文章を読むとき、文字の視覚イメージを思い浮かべたほうが、理解が深まりまた文章が速く読めるという説があります。
右脳を使うほうがよいというようなことらしいのですが、実際にそうなのでしょうか。
漢字を覚えるときも、たとえば猫という字を覚えるとき、図のように絵と一緒に覚えれば覚えやすいし、文字を見たときイメージが結びつくので、文の理解が深まるというような主張があります。
しかし、記憶されたイメージというものがはっきりしたものだと都合の悪い部分もあります。

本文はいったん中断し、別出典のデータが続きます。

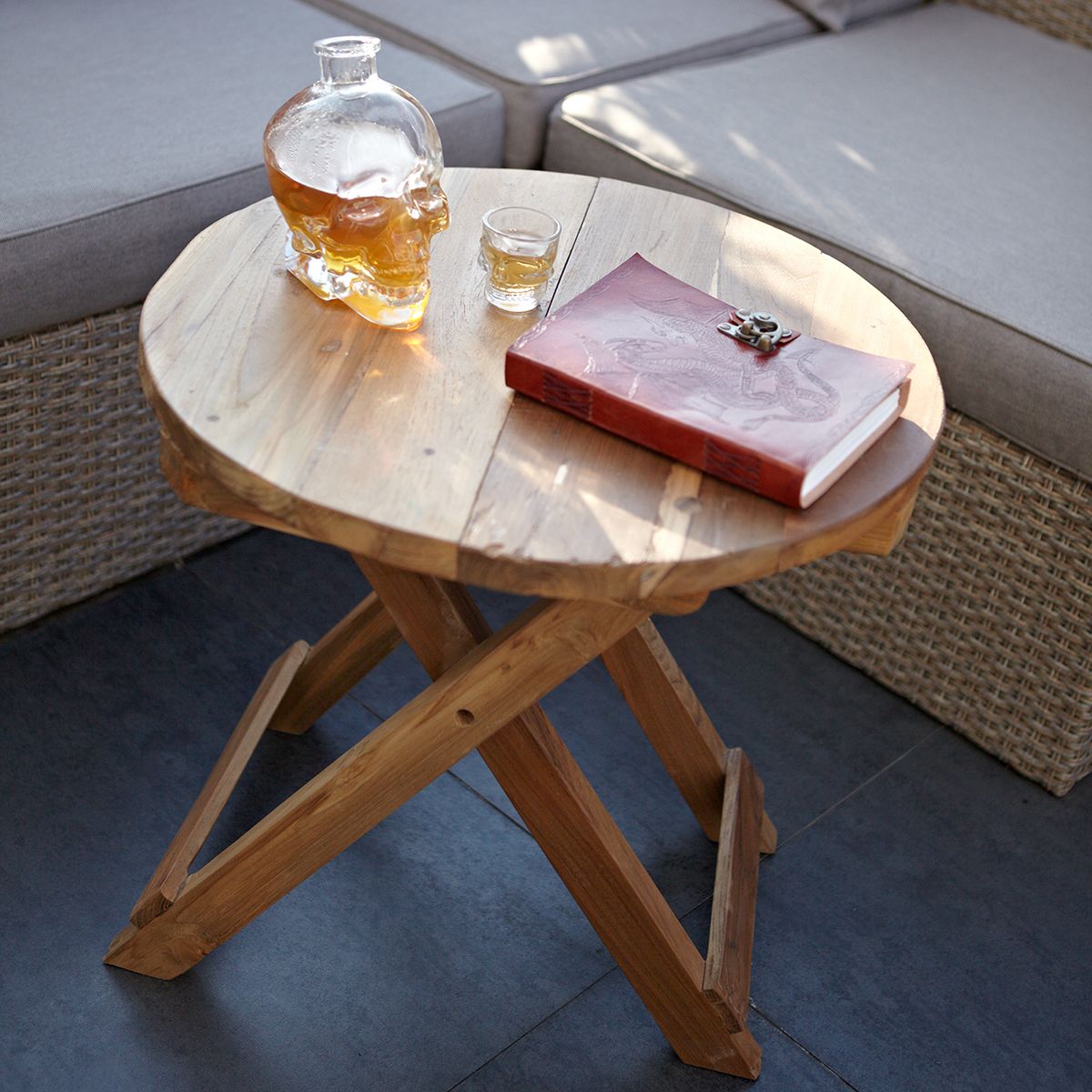 Wooden side table with a skull-shaped decanter, glass, and book on a patio.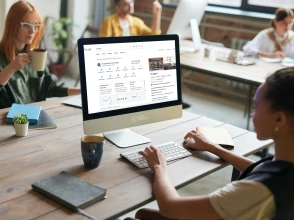 Team working on Google business profile optimization at a shared desk.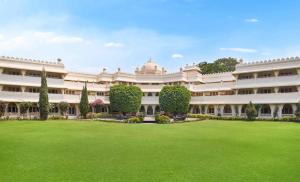 a large building with a lawn in front of it at Gateway Aurangabad - Chhatrapati Sambhaji Nagar in Aurangabad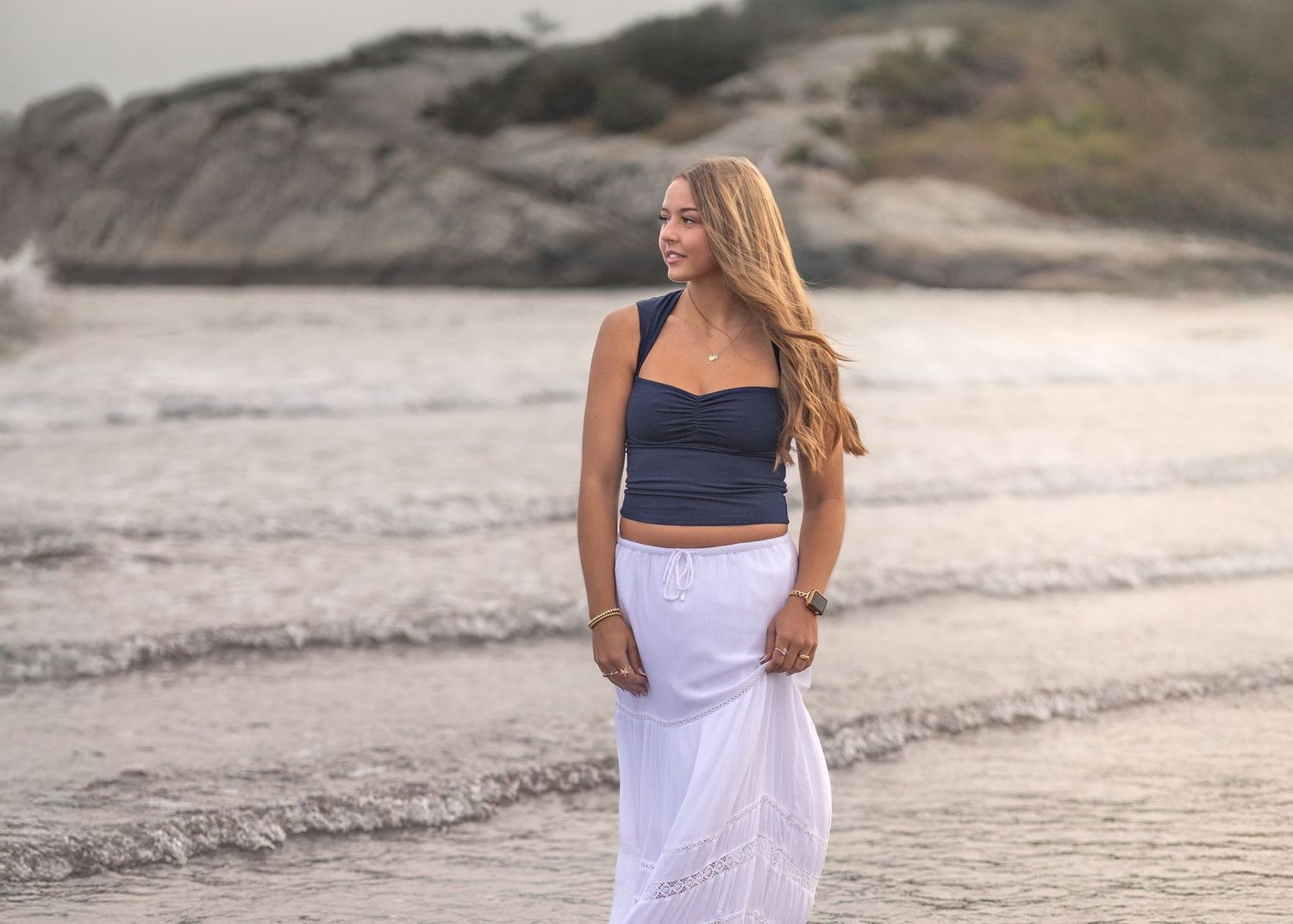 A person in a navy crop top and white maxi skirt walks along a rocky beach at sunset.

たとえば図のようなイメージ猫という言葉を覚えてしまうと、猫にはいろんな猫がいるので、黒猫とか化け猫とかいったこのイメージに似つかわしくない単語が出てくると、猫のイメージを消して別のイメージに置き換えなくてはなりません。
猫という文字を見るごとに決まった猫のイメージが頭に浮かんでいては、わずらわしくて混乱してしまうのではないでしょうか。
個人差はあると思いますが、文字を見ていちいちその単語が示す視覚イメージを思い浮かべていては、頭が混乱して文章をスムーズに読み進むことは出来ません。
文章を読んでいく過程で、ある種のイメージがわくということはあるでしょうが、単語ごとに視覚イメージが想起されては大変です。
もし単語ごとに視覚イメージが想起されるということであれば、絵本などは混乱して読めなくなってしまうでしょう。
画家が描いた視覚イメージと読み手の思い浮かべるイメージが違っていれば、イメージ同士がぶつかってしまいます。
絵本にあわせようとすれば、自分が持っているイメージを押さえ込みながら読まなければならず、自分のイメージを主張するなら見えている絵本の絵を消さなければならなくなってしまいます。
また視覚イメージを呼び出すというのは、映像を見るのと違って時間もかかるし、呼び出されたイメージはボンヤリとしています。
ためしに1から10までの数字を視覚的イメージとして思い浮かべてみてください。
書かれた数字を見るのはほんの一瞬で出来ますが、頭の中に数字をイメージとして思い浮かべるにはずっと時間がかかるでしょうし、思い浮かべた数字はボンヤリとした形ではないでしょうか。
図の下の方の文字は色がついていますが、文字の色は見た瞬間に分かりますが、文字の色を答えるように言われたときウッカリ文字を読んでしまいます。
「あお」という文字を見たとき、頭の中に青いイメージが浮かぶから「あお」といってしまうのだという意見もあるかもしれませんが、そのとき文字が青く見えるわけではないでしょう。
文字の色は黒だと認識しているのに、つい文字を読んでしまったということなのです。
つぎの「青」という文字の色は赤いのに、うっかり青と読んだりするのも、この文字が青く見えるということではありませんし、頭の中が青くなっているわけでもないでしょう。
まして、つぎの「あほ」をウッカリ読んだとき、頭の中に「あほ」のイメージが浮かんだから読んだなどということはないはずです。